▶ [What is required]
Leaving all pictures aside, write out the records below precisely as given.

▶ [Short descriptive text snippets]
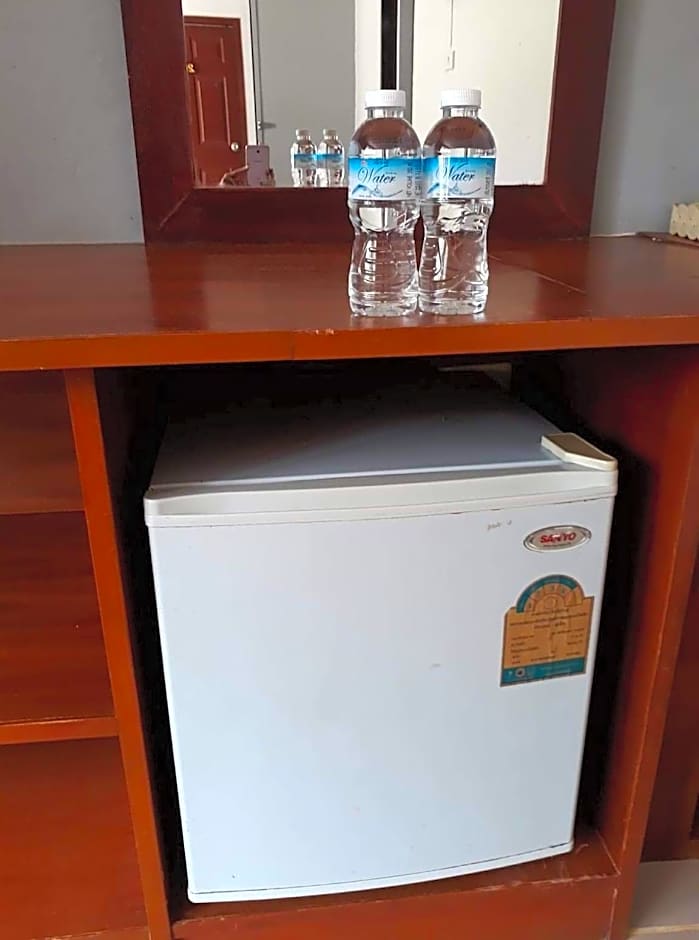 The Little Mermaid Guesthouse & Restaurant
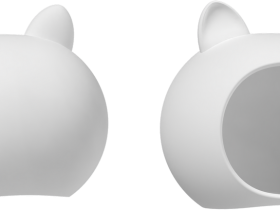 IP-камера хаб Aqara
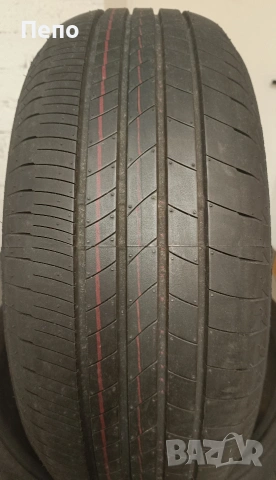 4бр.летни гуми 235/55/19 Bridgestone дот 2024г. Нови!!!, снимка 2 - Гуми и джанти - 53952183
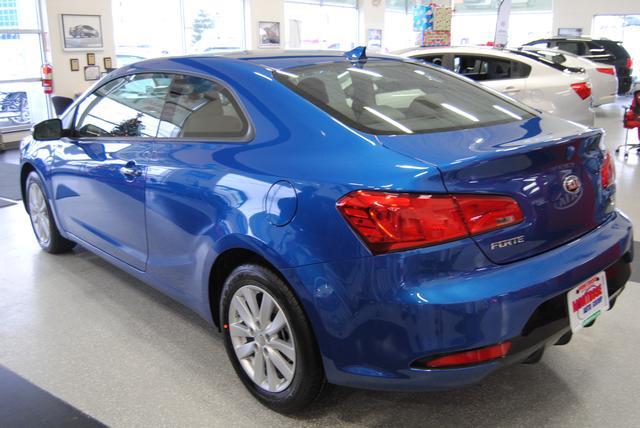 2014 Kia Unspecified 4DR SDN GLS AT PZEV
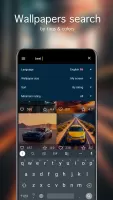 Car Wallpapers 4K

▶ [Answer section]
 The Little Mermaid Guesthouse & Restaurant
 IP-камера хаб Aqara
 4бр.летни гуми 235/55/19 Bridgestone дот 2024г. Нови!!!, снимка 2 - Гуми и джанти - 53952183
 2014 Kia Unspecified 4DR SDN GLS AT PZEV
 Car Wallpapers 4K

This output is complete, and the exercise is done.